* [TRY IT]
The expected copy holds every entry exactly and none of the pictures.

·····

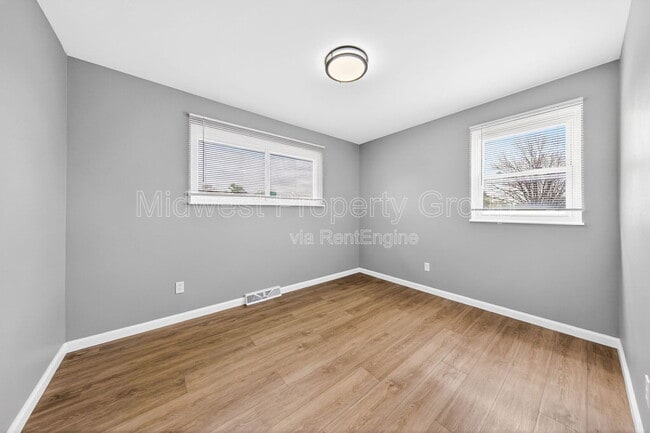 Building Photo - 1810 Swallow Ln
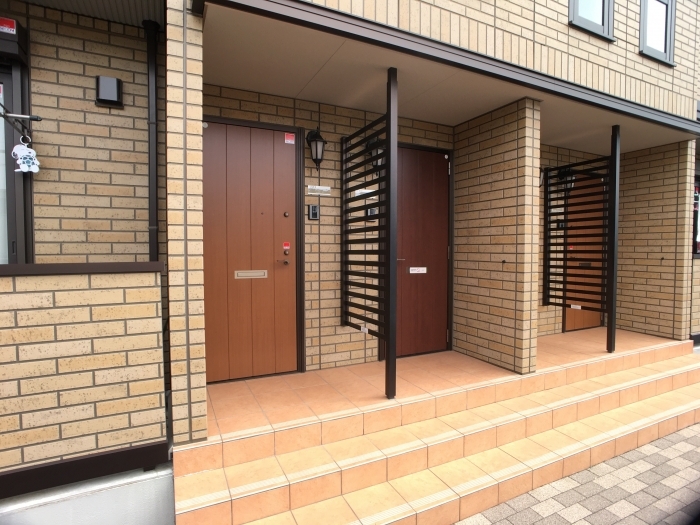 17/25 エントランス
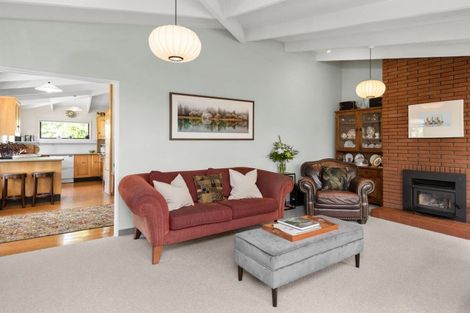 Photo of property in 21 Upham Crescent, Taradale, Napier, 4112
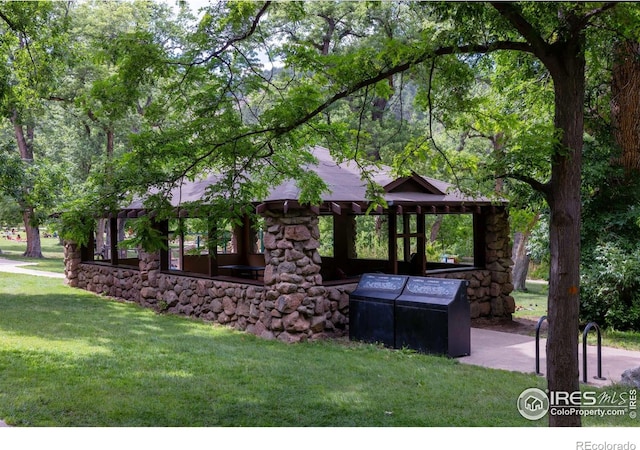 337 Arapahoe Ave Unit 303, Boulder, CO 80302 - view of property's community with a yard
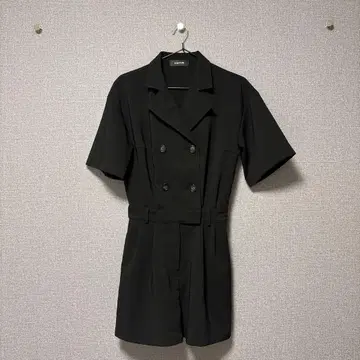 ENVYM 블랙 반팔 숏팬츠 원피스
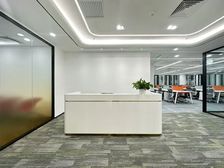 北三环 环球贸易中心500平米 精装 朝南带家具出租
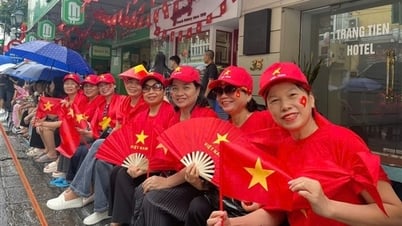 Người dân khắp nơi đổ về Thủ đô mong chờ được chứng kiến những khoảnh khắc đầy tự hào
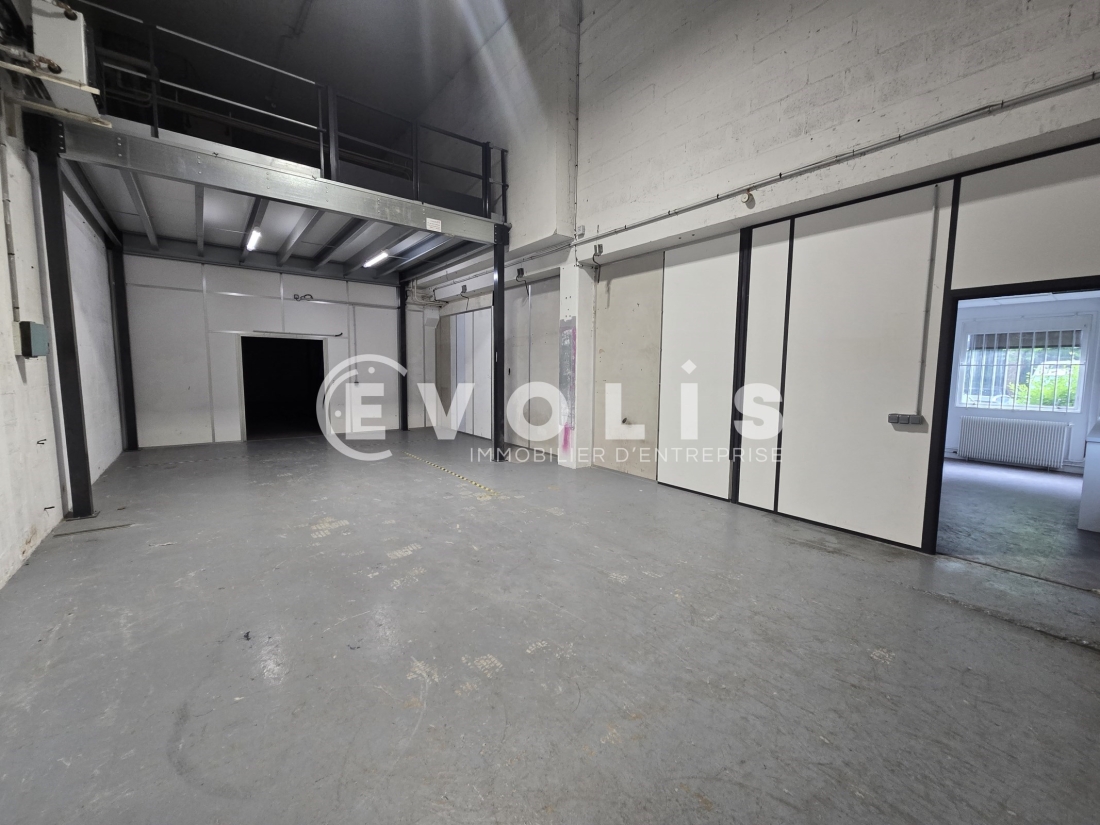 Photo 7 – location Entrepôts / activités	VERRIERES LE BUISSON (91370)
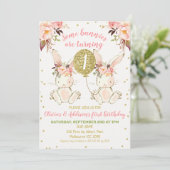 Tweeling Roze Goud Bloemenkonijn 1e Verjaardag Kaart (Staand voorkant)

·····

* [EXPECTED OUTPUT]
 Building Photo - 1810 Swallow Ln
 17/25 エントランス
 Photo of property in 21 Upham Crescent, Taradale, Napier, 4112
 337 Arapahoe Ave Unit 303, Boulder, CO 80302 - view of property's community with a yard
 ENVYM 블랙 반팔 숏팬츠 원피스
 北三环 环球贸易中心500平米 精装 朝南带家具出租
 Người dân khắp nơi đổ về Thủ đô mong chờ được chứng kiến những khoảnh khắc đầy tự hào
 Photo 7 – location Entrepôts / activités	VERRIERES LE BUISSON (91370)
 Tweeling Roze Goud Bloemenkonijn 1e Verjaardag Kaart (Staand voorkant)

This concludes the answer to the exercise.